In the last few years, the percentage of contractors relying on promotional finance options seems to have increased significantly.  We haven’t done a study, but we recall the good ol’ days when promotional options were exactly that: promotional (and infrequent).  However, times were difficult during the recession and sales were hard to come by.  This created a strong incentive to transition from selling standard financing to offering same-as-cash or no interest promotions.  And transition the industry did!

But times are changing.  The economy has improved, consumers are increasingly looking to improve their homes, and economic growth looks to accelerate in future periods.  This means the strong incentive to rely on financing promotions has become more of a weak incentive.  Are you thinking yet about making a change in strategy?

We see a variety of methods to absorb the cost of promotional options.  They range from awful (for the unintended consequences they produce) to reasonable.  The worst structure is when the company absorbs the cost of promotions entirely.  This SEEMS like a reasonable decision; you don’t want to negatively impact your sales team with the necessary financing option so you take on the cost.  However, it has a major unintended consequence: salespeople take the path of least resistance.  How much of your hard-earned profit margin has likely been lost simply because your sales team defaulted to a high-cost promotion when a lower cost option would have satisfied your customer?  That’s just money walking out the door.

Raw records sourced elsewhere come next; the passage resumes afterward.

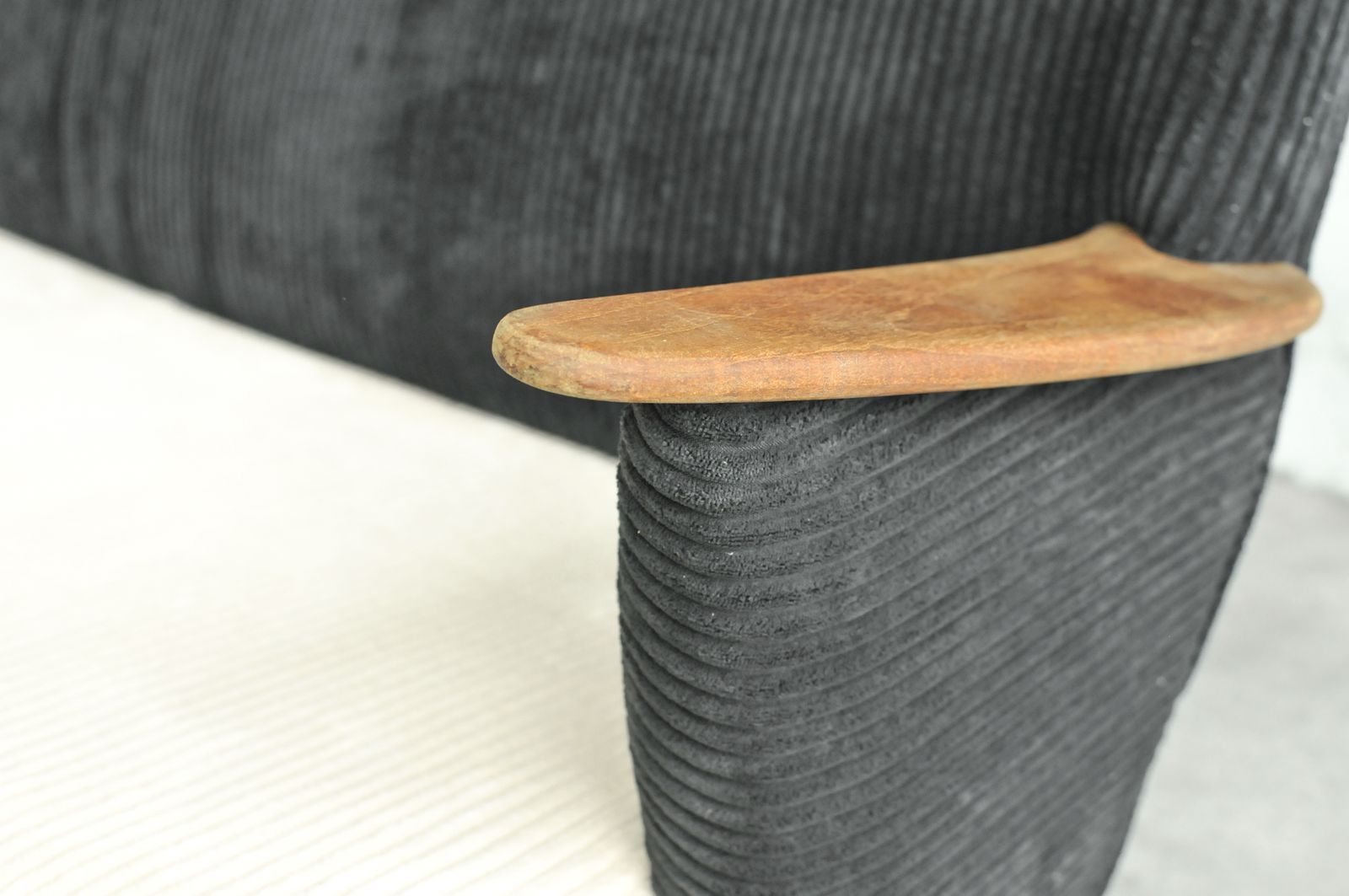 Danish Double Sofa Teak Handles photo vinterior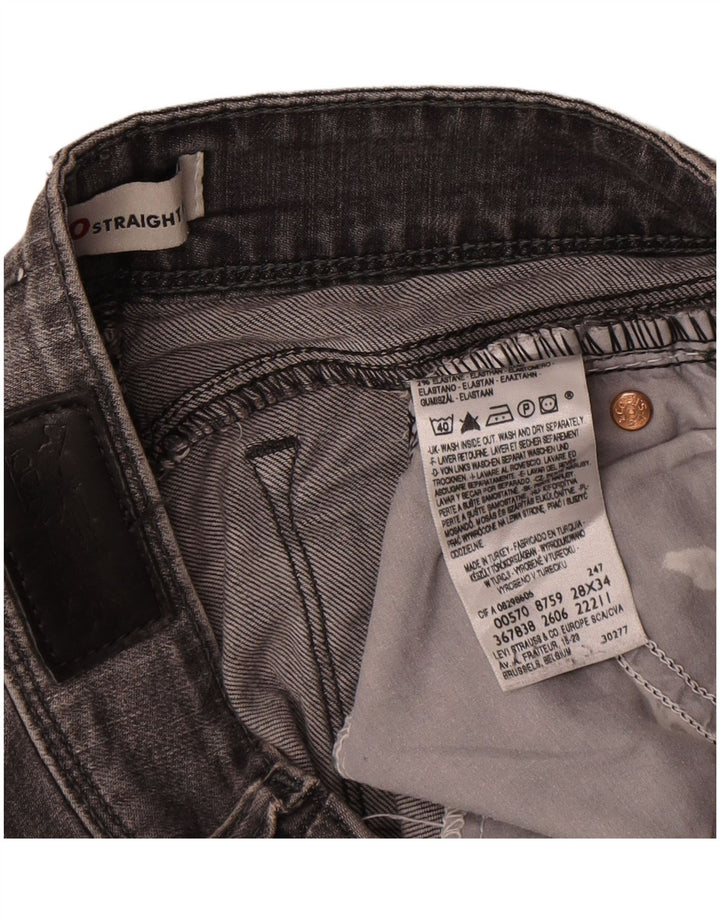 Blugi drepti 570 pentru femei Levi's W28 L31 bumbac gri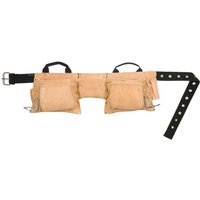 Heavy Duty 12 Pocket Leather Tool Pouch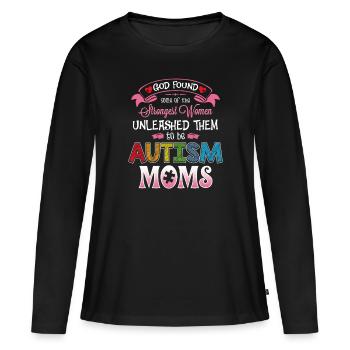 Autism Support Awareness - Women's Premium Organic Long Sleeve Shirt - black - Front - Julia (174cm)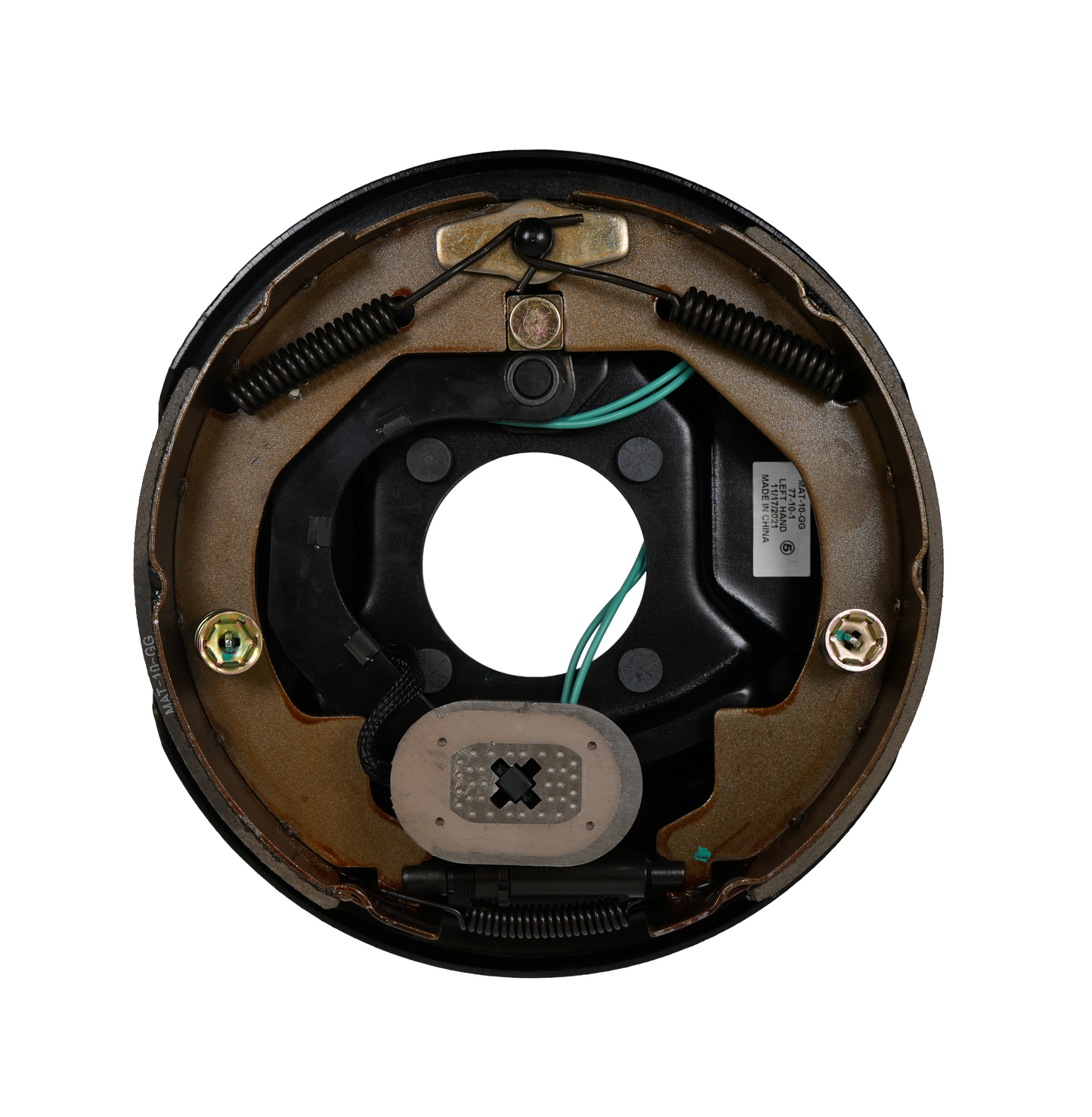 Brake Assembly, Electric, 3,500 Lbs., 10" X 2", Left Hand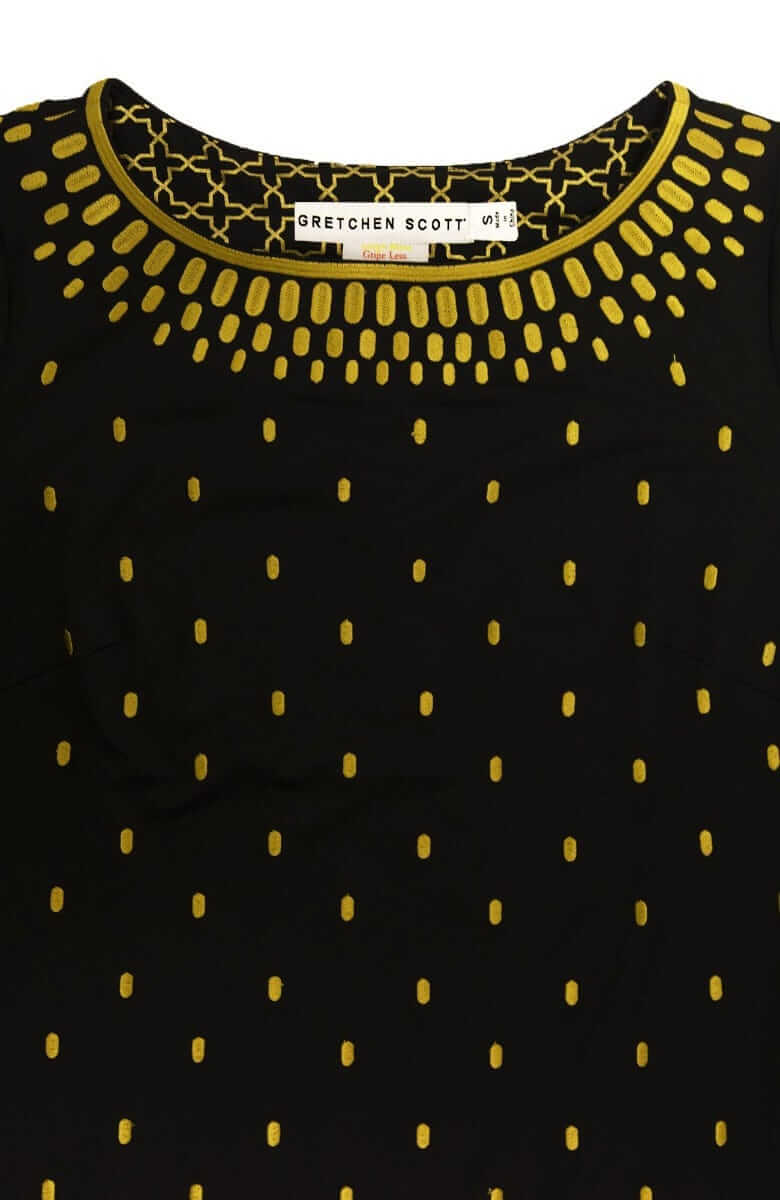 Jersey Embroidered Dress - Rocket Girl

Other contractors pass the entire cost to the salesperson.  This also has some unintended consequences, particularly if the cost of the promotion ends up wiping out the commission on the deal.  I’m sure you see what’s coming…the financing question becomes the most important issue in the sale.  Sales are lost as the salesperson abandons the lean deals in favor of those they can close with reasonable compensation.

Occasionally, we hear of contractors building the cost of the financing into their job costs.  For example, if there is a $1,000 fee on the job, the price of the job increases by $1,000.  This, as every banker would expect, results in a violation of Regulation Z, and we appreciate it when contractors don’t choose that path.

Maybe the best structure we’ve seen is a shared cost arrangement where the salesperson gets a healthy hit, but not so much to create bad incentives.  You want the salesperson to offer the lowest cost financing first, so make that the best compensated scenario.  But, if the deal can only be saved with promotional financing, you need to be equally sure that the hit to the salesperson’s pocketbook isn’t so large that it is not worth the effort.

How do you structure salesperson compensation to create the best incentives?